Chuck Zhao<sup>1</sup> Hao Wang<sup>2</sup> Bill Lin<sup>2</sup> Jim Xu<sup>1</sup>

<sup>1</sup>Georgia Tech

<sup>2</sup>UCSD

October 2nd, 2008

## Broader High-Level Question

- What are the "cross-layer" opportunities between evolving technologies and network measurement functions?
- Will use wirespeed statistics counting as a concrete example where previous approaches have treated DRAM as a "blackbox" with overly pessimistic assumptions.
- Other "cross-layer" opportunities possible with evolving technologies (e.g., solid state disks, many cores, etc).

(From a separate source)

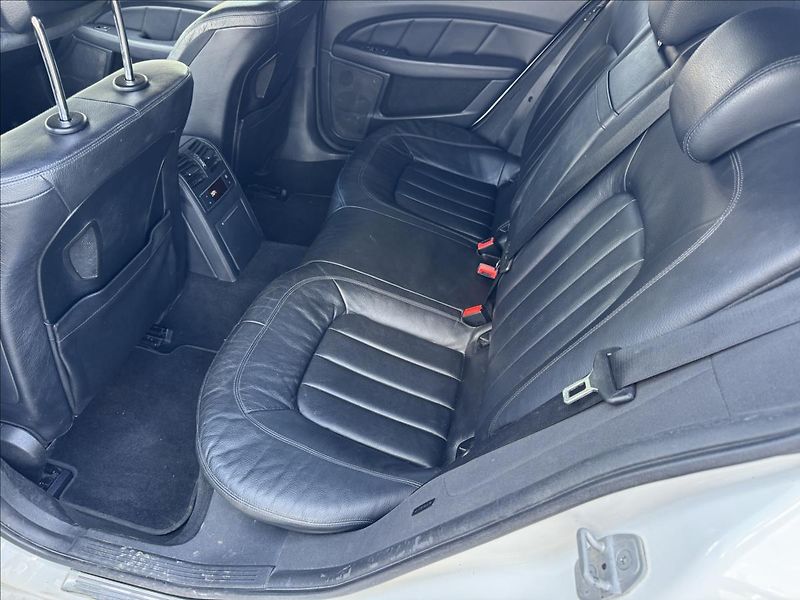 Mercedes-Benz CLS 3,0 d 4M,webasto - fotka 24 z 24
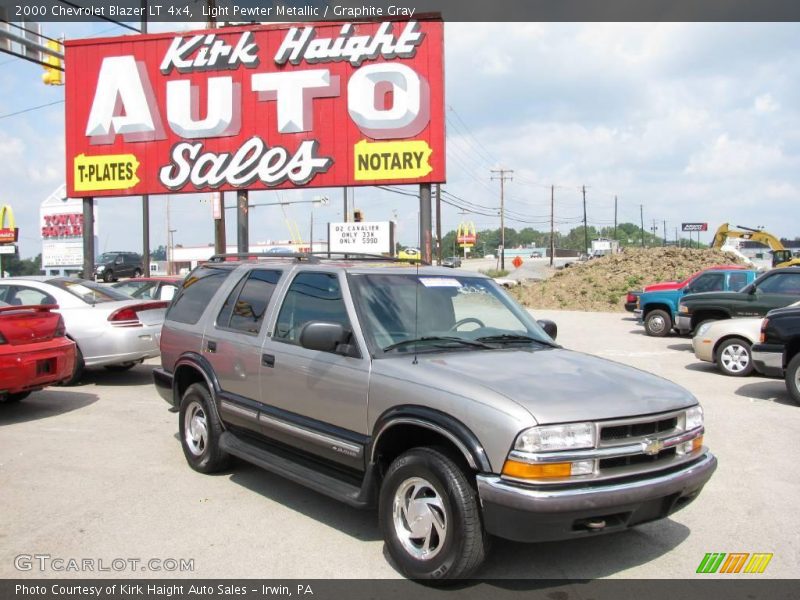 Light Pewter Metallic / Graphite Gray 2000 Chevrolet Blazer LT 4x4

## Statistics Counting Wish List

- Fine-grained network measurement
   Possibly tens of millions of flows (and counters)
- Wirespeed statistics counting 8 ns update time at 40 Gb/s
- Arbitrary increments and decrements e.g., byte counting for variable-length packets
- Different number representations unsigned and signed integers, floating point numbers e.g., entropy-based algorithms need floating point

#### Conventional Wisdom

- SRAM is needed for speed requirements, but DRAM is needed to provide the storage capacity
   e.g., 10 million counters x 64-bits = 80 MB, prohibitively expensive (infeasible for on-chip)
- SRAM is either infeasible or very expensive, but DRAM makes it difficult to support high line rates
   e.g., 50 ns DRAM random access times typically quoted, 2 x 50 ns = 100 ns » 8 ns required for wirespeed updates (read, increment, then write)

#### Conventional Wisdom

- The prevailing view that DRAM is too slow is generally held for other structures
   e.g., Bloom filters, flow tables, etc.
- A different view: DRAM is plenty fast for network measurement primitives if one considers modern advances in DRAM architectures (e.g. driven by video games)
- Will use statistics counting as driving example

### Hybrid SRAM/DRAM architectures

- Based on premise that DRAM is too slow, hybrid SRAM/DRAM architectures have been proposed e.g., Shah'02, Ramabhadran'03, Roeder'04, Zhao'06
- All based on following idea:
  - Store full counters in DRAM (64-bits)
  - Keep say a 5-bit SRAM counter, one per flow Wirespeed increments on 5-bit SRAM counters
  - "Flush" SRAM counters to DRAM before they "overflow"
  - Once "flushed", SRAM counter won't overflow again for at least say another  $2^5 = 32$  (or  $2^b$  in general) cycles

## But, Still Requires Significant SRAM

For 16 million counters e.g. UNC traces [Zhao'06] had 13.5 million flows

- 10 to 57 MB needed far exceed available on-chip SRAM
- On-chip SRAM needed for other network processing
- SRAM amount depends on "how often" SRAM counters have to be flushed - if arbitrary increments are allowed (e.g. byte counting), more SRAM needed
- Integer specific, no decrements

#### Main Observation

- Modern DRAMs are fast
   Driven by insatiable appetite for extremely aggressive memory data
   rates in graphics, video games, and HDTV at commodity pricing, just
   \$0.01/MB currently, \$20 for 2GB!
- Example: Rambus XDR Memory
   16 GB/s per 16-bit memory channel
   64 GB/s on dual 32-bit channels (e.g. on IBM cell)
   Terabyte/s on roadmap!

## **Example: Rambus XDR Memory**

#### 16 internal banks



#### Basic architecture: Randomized Scheme

• Counters randomly distributed across B memory banks  $B > 1/\mu$ , where  $\mu$  is the SRAM-to-DRAM access latency ratio



#### Basic architecture: Randomized Scheme

- Conceptually the request queues are serviced concurrently
- In practice, groups of request queues can be serviced round-robin

Eg.  $\mu = 1/16$ , B = 32, can use two XDR memory channels, for each channel its 16 banks are serviced round-robin

#### Extended architecture to handle adversaries.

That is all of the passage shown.